44. For cases to be heard in the SCT, first, they must first fall within the DIFC Courts’ jurisdiction by engaging any of the jurisdictional gateways set out in the abovementioned Article.
45. Further to the above, the DIFC Courts have jurisdiction to hear and determine the Claim in accordance with Article 5(A)(1)(a) as the Claimant is a DIFC company as well as in accordance with Article 5(A)(1)(2) of the JAL on the basis that Clause 9 of the Engagement Letter is clear on the parties’ intention to resort to the DIFC Courts in case of any dispute and is the appropriate forum to hear the Claim.
Discussion
Have the parties agreed on a limited budget of USD 10,000?
46. The Claimant’s stance is that a limited fee arrangement was never agreed, while the Defendants’ view is that the parties agreed to a limited budget of USD 10,000 in exchange for legal advice and assistance.
47. As such, the amount mentioned in the Invoice is disputed by the Defendants based on the parties’ alleged agreement of a limited budget.
48. Due to the urgent nature of the advice sought by the Defendants, it is evident that the Claimant accepted the Defendants’ instructions in November 2021 and provided its legal services before entering into an Engagement Letter as demonstrated in the email exchanges between the Claimant and the Defendants in respect of the legal strategy proposed to take this forward.
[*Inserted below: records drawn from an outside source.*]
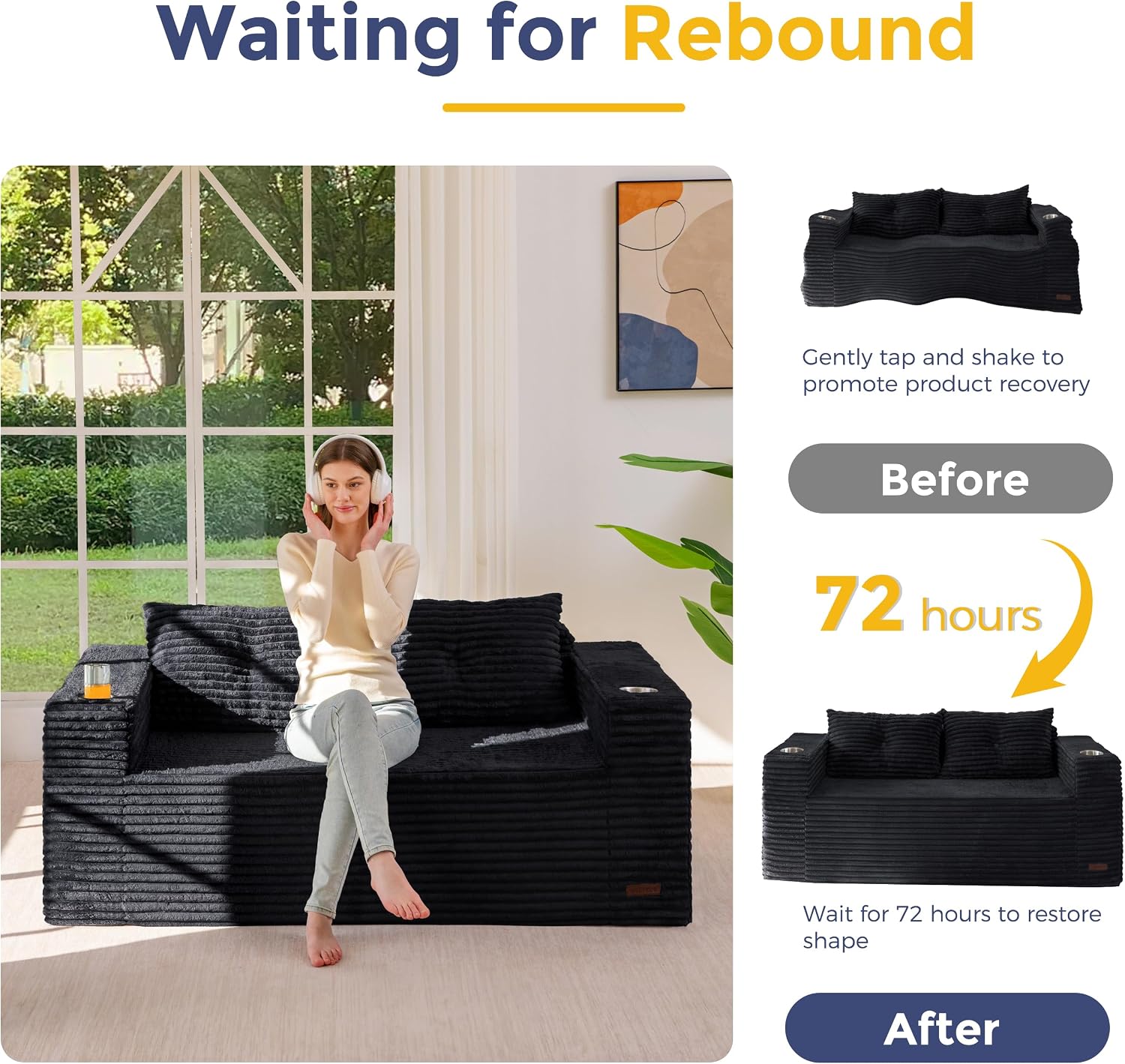 MAXYOYO 63' Boneless Loveseat Sofa Couch for Small Spaces, Mini Love Seat Floor Couch with Cup Holders and Pillows, 2-Seater Upholstered Cloud Couch for Bedroom Apartment, No Assembly Required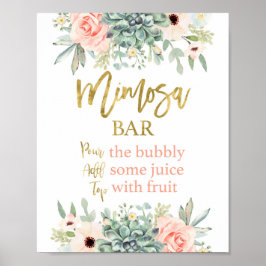 Poster Signe Mimosa, succulent signe floral
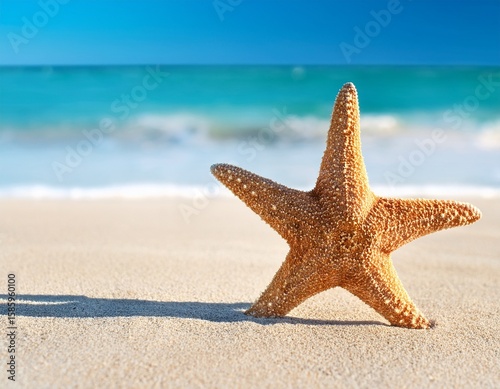 single starfish standing upright on a sunny sandy beach with blue ocean water in the background a summer vacation concept bor banner poster or card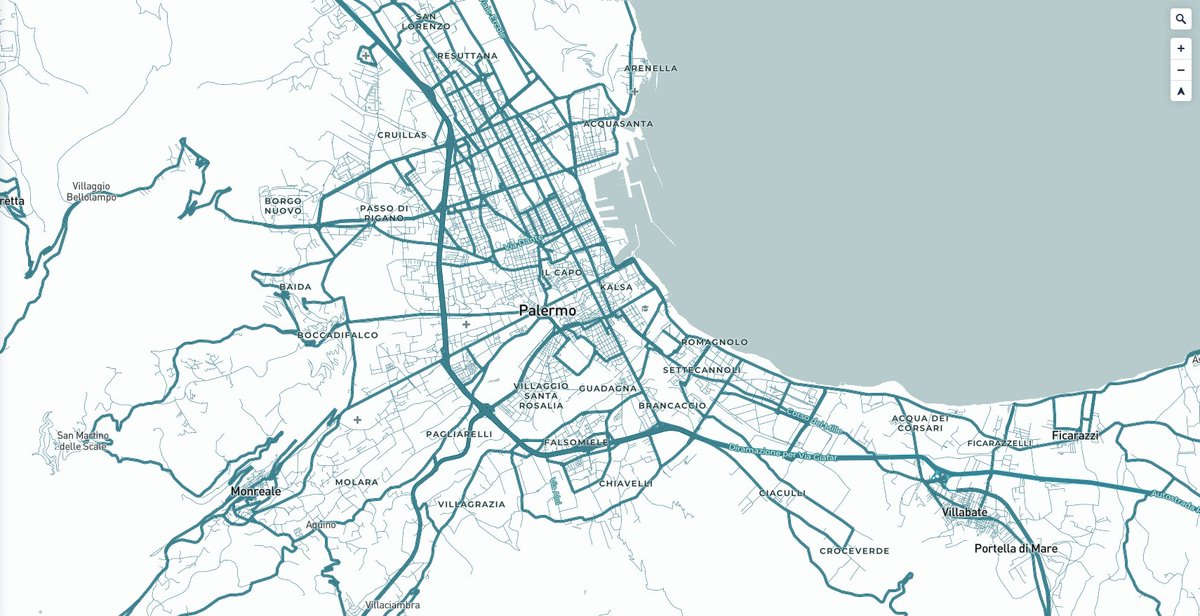 silla_abrasax's tweet photo. This is the new style of the map for the restyle of the viz "fountains of Palermo" made with #mapboxstudio.
I love the contrasted colours ♥️
#mapbox #map #palermo #assets #dataviz https://t.co/N1r1jlbAS4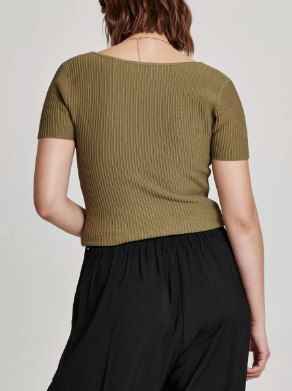 Rhiannon Laurel Oak V-Neck Sweater Top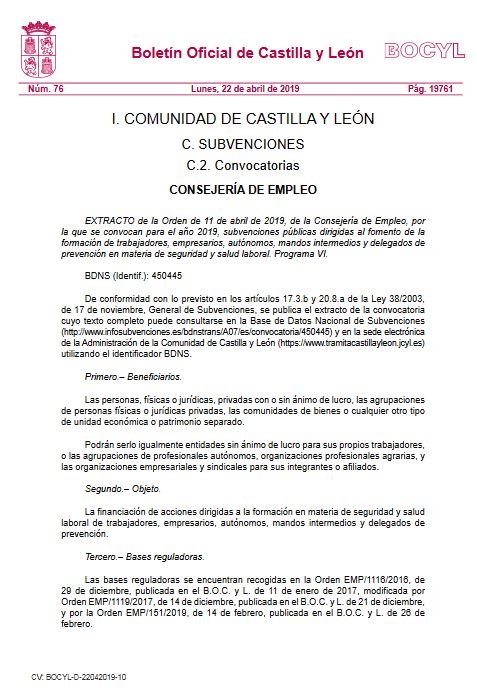 Subvención en materia de PRL de Castilla-Léon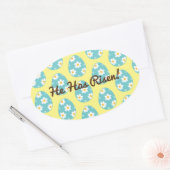 キュート彼がイースターのラウンドクラシックステッカーを復活 楕円形シール (封筒)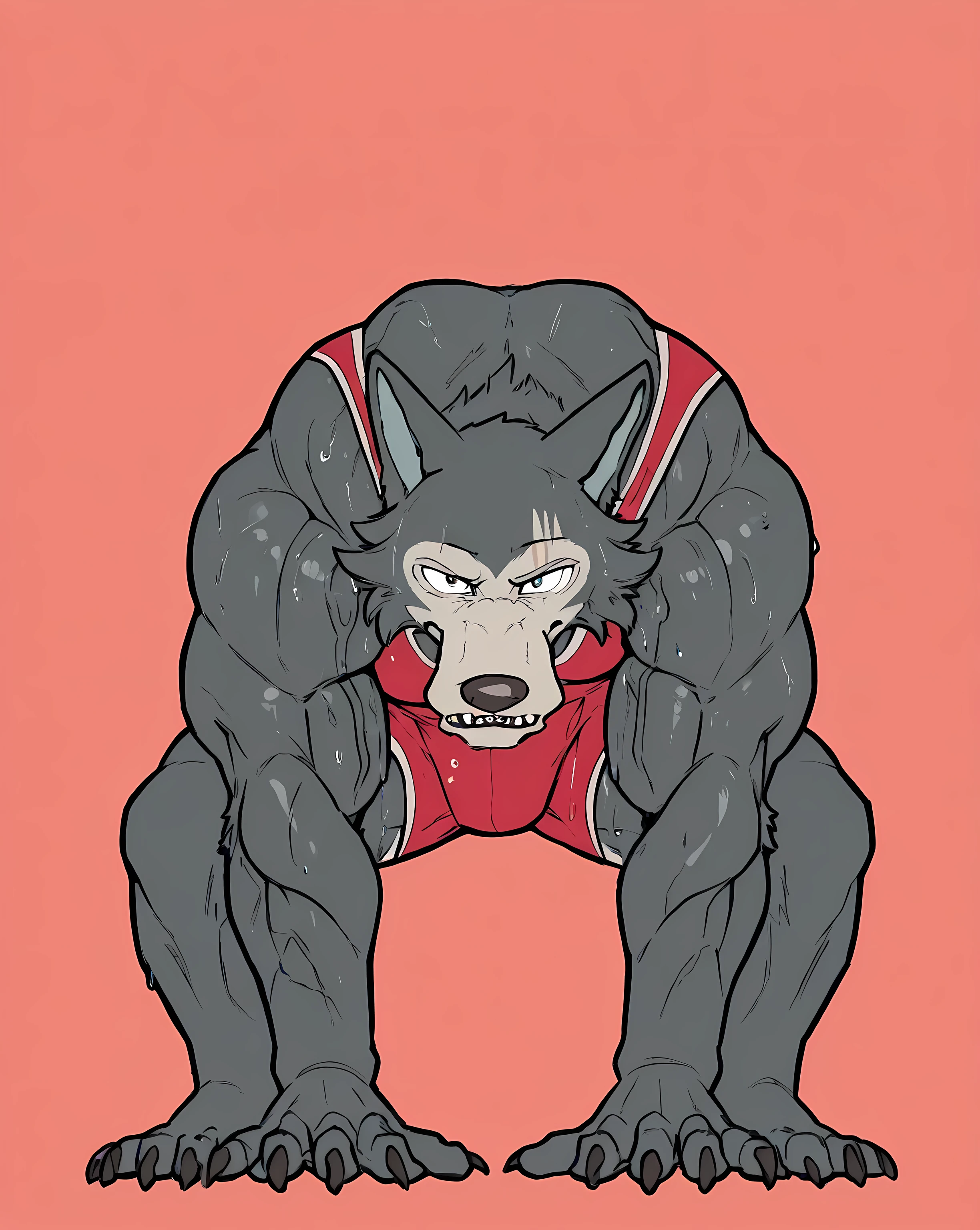 l3gosh1, beastars, male, solo, wolf, muscular, athletic, masculine, (small eyes), flat color, wrestling_singlet, simple background, sweaty body, veiny arms, bulging muscles, (wrestling stance, dynamic pose), bulging muscles, exhausted, panting, tired, glistening muscles, looking at viewer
49. It is also evident from the email exchanges provided that the Claimant arranged online meetings and conducted a lot of groundwork to assist the Defendants in their legal hurdle due to the nature of the mandate and complicated matter, and even took instructions on short notice.
50. For example, the First Defendant’s email to the Claimant dated 7 December 2021 shows that the Claimant acted beyond the scope of one conference by advising the client on multiple potential outcomes, which the Defendants were content with at the time:
“Folks,
Thank you ALL, as always, for your advice and guidance today. While we take every opportunity to resolve the Board issue amicably,I appreciate your push to get ready for every eventuality.
As we agreed, we will execute the following process:
1. Have an internal discussion with Nathan on Thursday to get his alignment on our proposed Board Member (low probability of success)
2. If that fails, I will call for an urgent Board Meeting with Nessim, Neema, Nathan and me for early next week where I will present our position to Nessim
3. If we still don't have a resolution, I will then send out an invitation to all Shareholders asking for an AGM (is that the right term for the meeting?)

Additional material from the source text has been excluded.